Tel Aviv / Kathmandu: For nearly two years, faint hope sustained the family of Bipin Joshi, a 23-year-old Nepalese agriculture student who was taken hostage during the Hamas assault on Israel on October 7, 2023. That hope ended this week when Hamas announced it had no remaining living hostages, and Israeli authorities confirmed that Joshi — long believed to be alive — was among the dead.


Joshi’s journey to Israel had begun with promise. A native of western Nepal, he arrived in Israel in mid-September 2023 as part of an agricultural training program at Kibbutz Alumim, located near the Gaza border. Along with 16 other Nepalese students, he sought to learn advanced farming techniques and gain practical experience — unaware of how perilously close the kibbutz stood to one of the world’s most volatile frontiers.

That dream turned to terror on the morning of October 7, when Hamas gunmen stormed Kibbutz Alumim in one of the deadliest attacks in Israel’s history. Ten Nepalese students were killed in the assault. Photographs later showed the group, including Joshi, sheltering alongside Thai workers moments before the attackers broke in.

According to survivor Himanchal Kattel, Joshi displayed extraordinary courage. “The militants threw a grenade inside, but Bipin caught it and hurled it away before it exploded,” Kattel recalled — an act that likely saved his life.

Joshi, wounded in the attack, was captured and taken into Gaza along with two Thai nationals. Surveillance footage from the kibbutz showed him being led away by armed militants — the last known sighting of him alive. At the site where he was taken, residents of Alumim later planted a Nepalese flag in his memory.

Back home in Nepal, his family refused to give up hope. His 17-year-old sister Pushpa Joshi routinely undertook an eight-hour journey to Kathmandu to meet officials and appeal for diplomatic help.
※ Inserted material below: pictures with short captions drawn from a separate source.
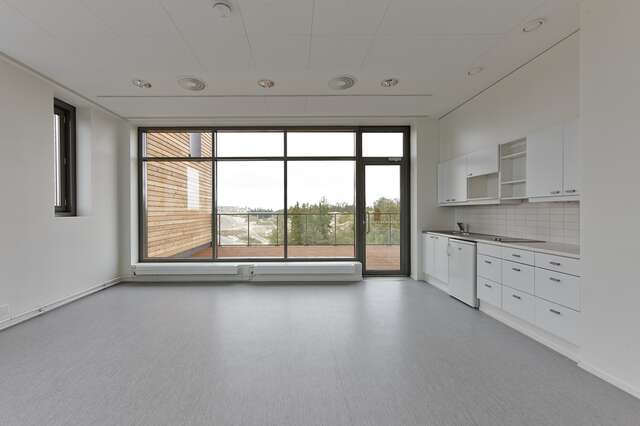 empty kitchen with white walls, grey laminate floors and large windows to the balcony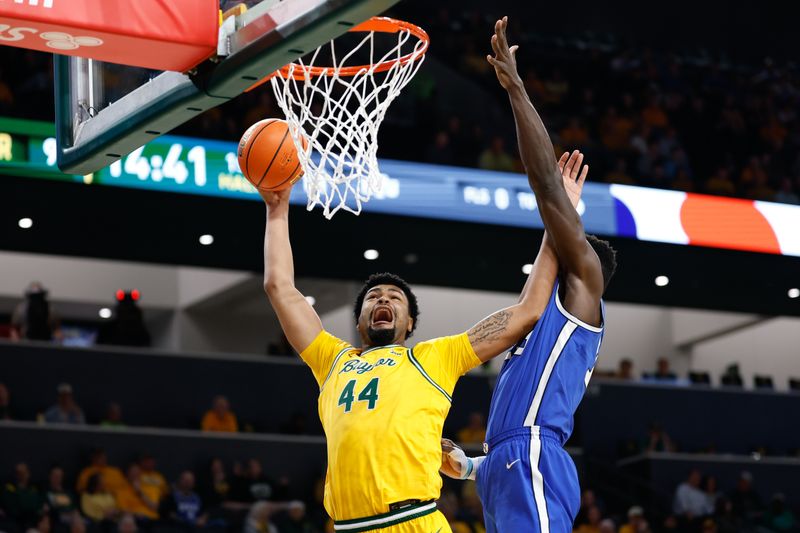 Feb 10, 2026; Waco, Texas, USA;  Baylor Bears center Caden Powell (44) shoots as BYU Cougars center Keba Keita (13) defends during the first half at Paul and Alejandra Foster Pavilion. Mandatory Credit: Chris Jones-Imagn Images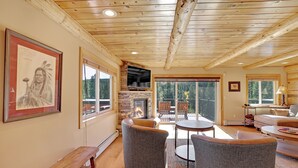 Una sala de estar acogedora con chimenea de piedra, vigas de madera en el techo y grandes ventanas que ofrecen vistas al exterior.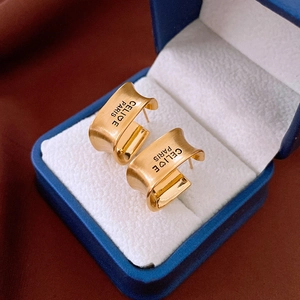 Macro detail of gold plated C-shaped earrings with brushed texture and engraved lettering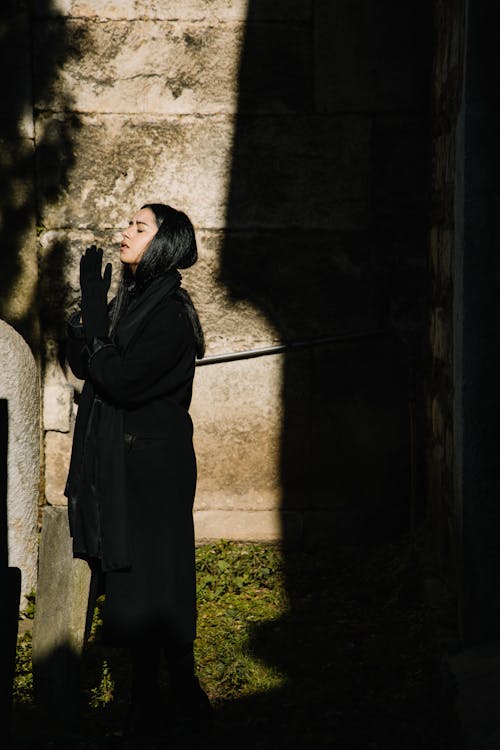 Free Side view of female in mourning black clothes and headscarf praying with closed eyes in cemetery Stock Photo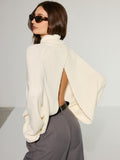 Oversized rückenfreier Rollkragenpullover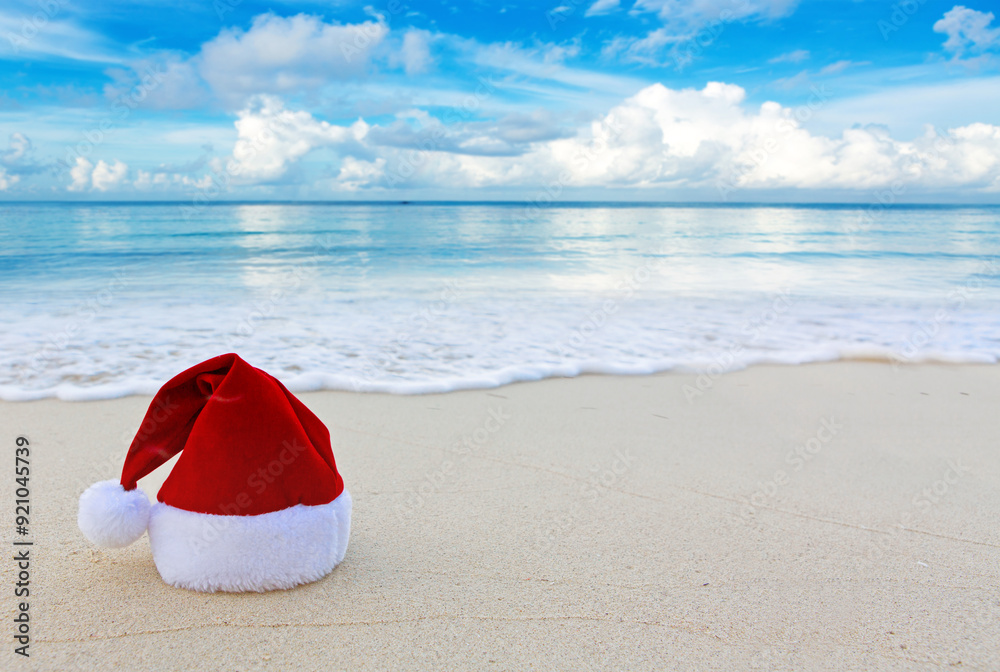 Merry Christmas with Santa hat on the tropical beach Merry Christmas with Santa hat on the tropical beach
In August, the family travelled to Israel, meeting President Isaac Herzog and joining vigils at Hostage Square in Tel Aviv, where they held Bipin’s photograph alongside portraits of Israeli captives.
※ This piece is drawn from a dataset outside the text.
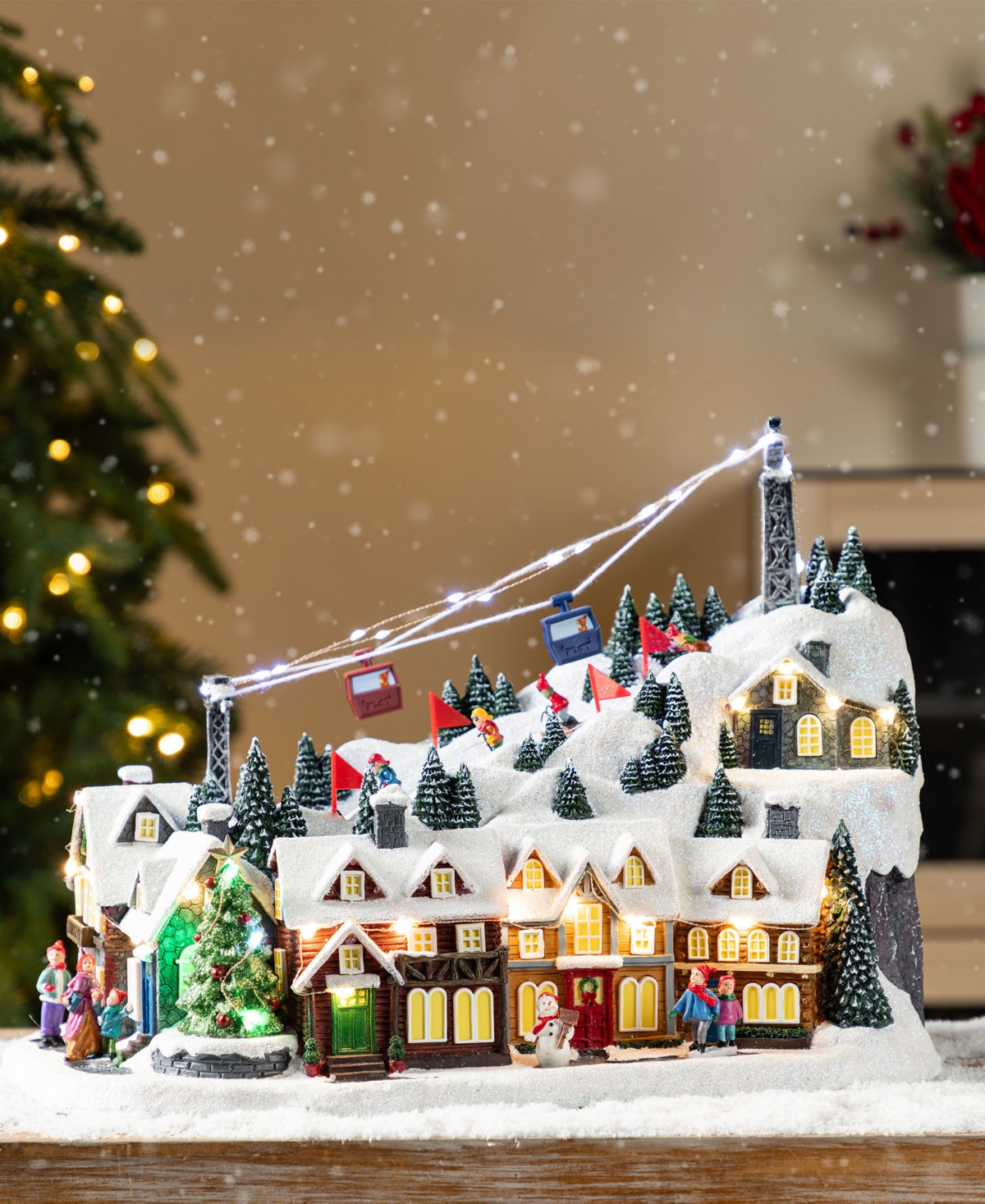 Glitzhome 16" Christmas Oversized Resin Lighted Musical Skiing Village In Multi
Their hopes briefly flickered back to life when a video surfaced in November 2023, showing Joshi alive in captivity. But after that, no further evidence emerged.

On Monday, as Hamas released 20 hostages under a new ceasefire deal intended to free all surviving captives, Israeli officials confirmed Joshi’s death and said his remains had been recovered. Before that confirmation, he had been the only non-Israeli hostage believed to be alive in Gaza.

In his home village, a small shrine now bears his photograph beside the flag of Nepal — a quiet symbol of bravery, sacrifice, and a promise unfulfilled.

The conflict that began with the October 7 Hamas assault — which killed around 1,200 people in Israel and saw 251 others kidnapped — has since exacted a devastating toll. According to Gaza’s Health Ministry, more than 67,000 Palestinians have been killed since the war began, the Associated Press reported.